Kelimeler: karşısında
Karşısında kelimesi cümle içinde nasıl kullanılır?
1. Yusuf hiç beklemediği bu sual karşısında bir müddet durakladı, sonra:
2. Anakız, beklemedikleri bu sözler ve sualler karşısında biraz, cevap vermeden durdular.
3. Bu karşısında ağır ağır yemek yiyen adam, bütün o sözlerin hulasası idi.
4. Hulusi Beyin tam karşısında, bir ihtar gibi, fevkalede güzel bir talik ile yazılmış:
5. Gözlerini açıp etrafına bakındı: Karşısında perişan bir tavırla titreyen karısından başka bir şey göremedi.
6. Çaresiz bir şey için, hem de bu kadar şehirlinin karşısında teessür göstermek herhalde izzetinefsine dokunuyordu.

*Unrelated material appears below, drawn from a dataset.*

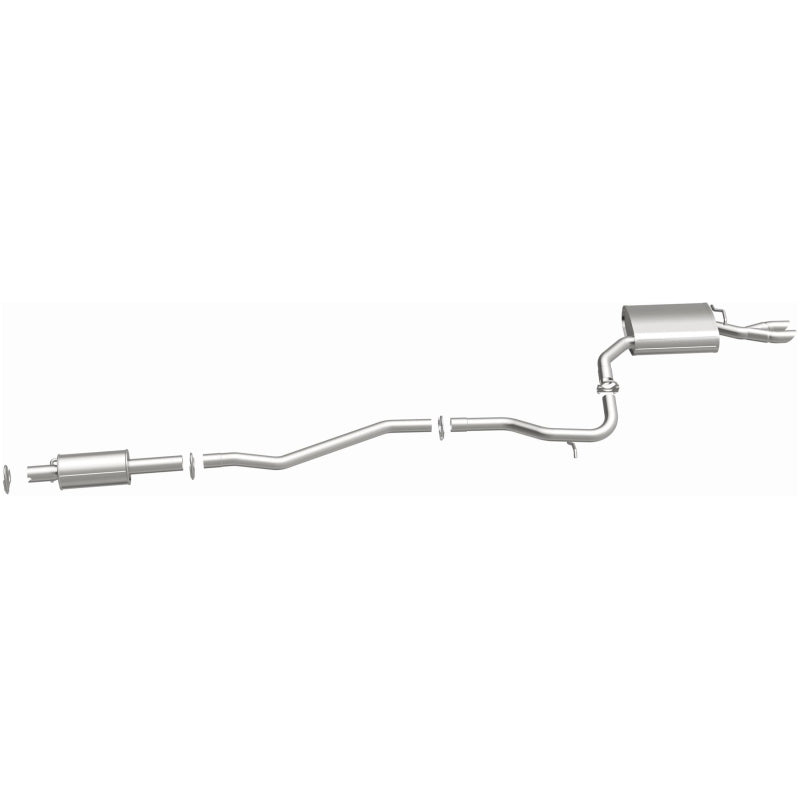 MagnaFlow BRE Exhaust Kit 06-10 Ford Fusion, Lincoln MKZ & Mercury Milan 2.3L - Direct-Fit Replacement System Part #106-0191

7. Şahinde bir felaket saydığı bu hadise karşısında korkusundan ağzını açmıyor, kızıyla olsun, damadıyla olsun pek az konuşuyordu.
8. Daha kendini toparlamaya vakit bulamadan karşısında bir alevin parladığı gördü ve sağ kulağının dibinden vınlayarak geçen kurşun arkasındaki duvara saplandı.
9. Kocasıyla arasındaki mesafeyi sislendiren bulutlar yavaş yavaş kayboldular ve Yusuf karşısında her zamankinden daha büyük ve daha vazıh olarak durdu.
10. İlk zamanlarda rica ve kandırma yolu tutan bu adamların sözleri Salâhattin Beyin mütemadi redleri karşısında yavaş yavaş bir tehdit kılığı alır oldular.
11. Her tarafı titriyor ve şu anda ölüm karşısında ürperen bütün dirilerin tercümanı olan Sarı Hafızla, bahçedeki ölü arasında cereyan eden mükâlemeyi dinleyerek dehşete düşüyordu.
12. Hatta şimdi karşısında ağır ağır kuskus pilavı çiğneyen ve eliyle ağzına biber turşusu götüren babasının hayatı da ötekilerden farklı değildi ve o da Yusuf a bomboş ve korkunç görünüyordu.
13. Maktul Ali ile müvekkilim, birbirlerine düşman olmak şöyle dursun, bir tehlike karşısında birbirlerini kurtarmak için ölmeye koşacak kadar samimi ve fedakâr iki dosttular, diye söylenmesini sonuna kadar dinlemek mecburiyetindeydi.
14. Memleketi asıl idareleri altında bulunduran bu adamların karşısında bir hükümet memurunun ne kadar az kıymeti olabileceğini; bir kaymakamın, aşağı yukarı, kendisine itibar edilen, fakat işlerine engel olmaya başlayınca derhal tüydürülen bir kukla olduğunu bildiği için, vaziyetten tamamen ümidi kesmiş gibiydi.